Let me propose three kinds of syndication advertising feeds: a Temporary Shopper’s Feed, a Permanent Shopper’s Feed, and a Personalized Sellers’ Feed.
Temporary Shopper · From time to time, I (like most people) get into a mode where I want to buy something substantial: a camera, a car, a house, a cello, an investment plan. This is usually a temporary condition; I shop around for a while, I buy, then I lose interest in the product category. I would cheerfully sign up for a syndication feed all about that product class. I’d expect it to contain comparative reviews, straight product ads, announcements of new categories, stories from trade shows, that kind of thing. I’d use this heavily until I made the buy, then I’d turn it off.

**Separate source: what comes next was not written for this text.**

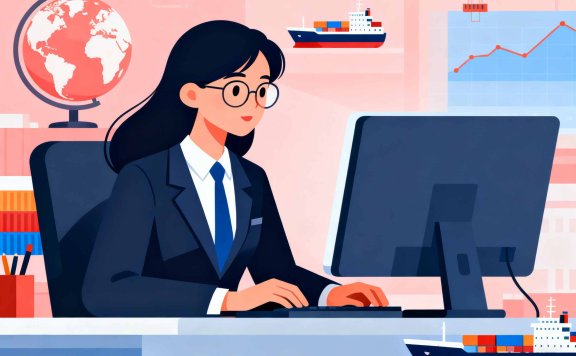 研究生做货代?她用连续10年销冠给出了答案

It would need some flexibility, you should be able to configure it to show only (for example) pocket-sized digital cameras that are for sale in Western Canada. The attraction for advertisers would be immense; anyone who subscribed would be asserting that they’re wanting to buy. This is not to say that it’s easy; if the material in the feed isn’t high-quality, informative, non-repetitious, and compact, well I’m just gonna unsubscribe, in a flash.

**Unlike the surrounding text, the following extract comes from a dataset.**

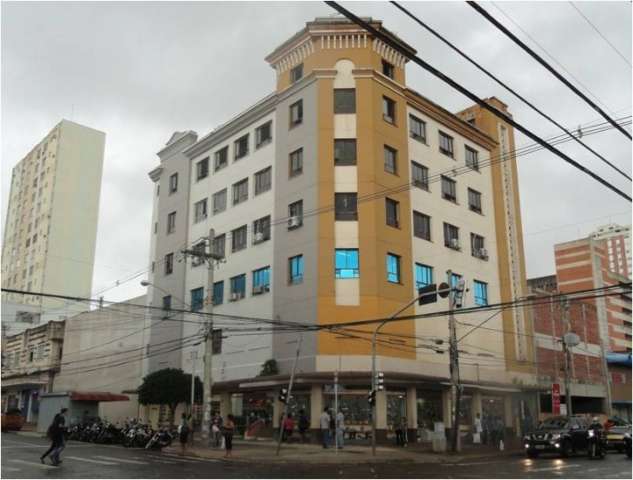 Prefeitura toma medidas para preservar edif&iacute;cio hist&oacute;rico do centro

Permanent Shopper · Some people are more or less permanently in shopping mode for something or other. Here are two examples: a homemaker raising three kids on a tight budget, and a music lover looking for good new stuff. For that homemaker, if there were a focused, compact, newsy syndication feed focusing on food, household supplies, and kids’ clothes, it could be a huge time-saver for the shopper and a wonderful marketing vehicle for businesses.
Now, such feeds are here already. As a music lover, I’m already subscribed to an iTunes Music Store feed for new releases in the classical, blues, and reggae categories. Now this example is pretty dysfunctional, since you can’t buy music from Apple in Canada, and even if you did, 99¢/song is no bargain when the tunes are DRM-encumbered and also sold in a damaged condition. But the principle is sound, and the feed has alerted me to a few things that I’ve then bought on CD. Pure advertising, pure focus, (almost) works right now here today.
Personalized Sellers’ Feed · This is the radical rocket-science idea, and the idea that Dave and Doc were kicking around; a feed that tells me about things I don’t know I need. The idea is, I tell some feed provider a whole lot about myself, and they try to cook up a feed that’s generally aimed at alerting me to things that I might spend money on, even though they weren’t on any explicit agenda.
If it worked, it might be incredibly powerful, but boy, would it ever be hard. To some extent, glossy magazines serve this role, but they need to include a whole bunch of high-quality, expensive, non-commercial words and pictures to get me to read them.
I’m sure there’s some bright-eyed entrepreneur out there trying to make this one go, but it’s a long shot.
But as for the Shopper’s Feeds, they’re already starting to happen and I’m totally sure they’ll be part of the everyday landscape for more or less everyone before too much longer.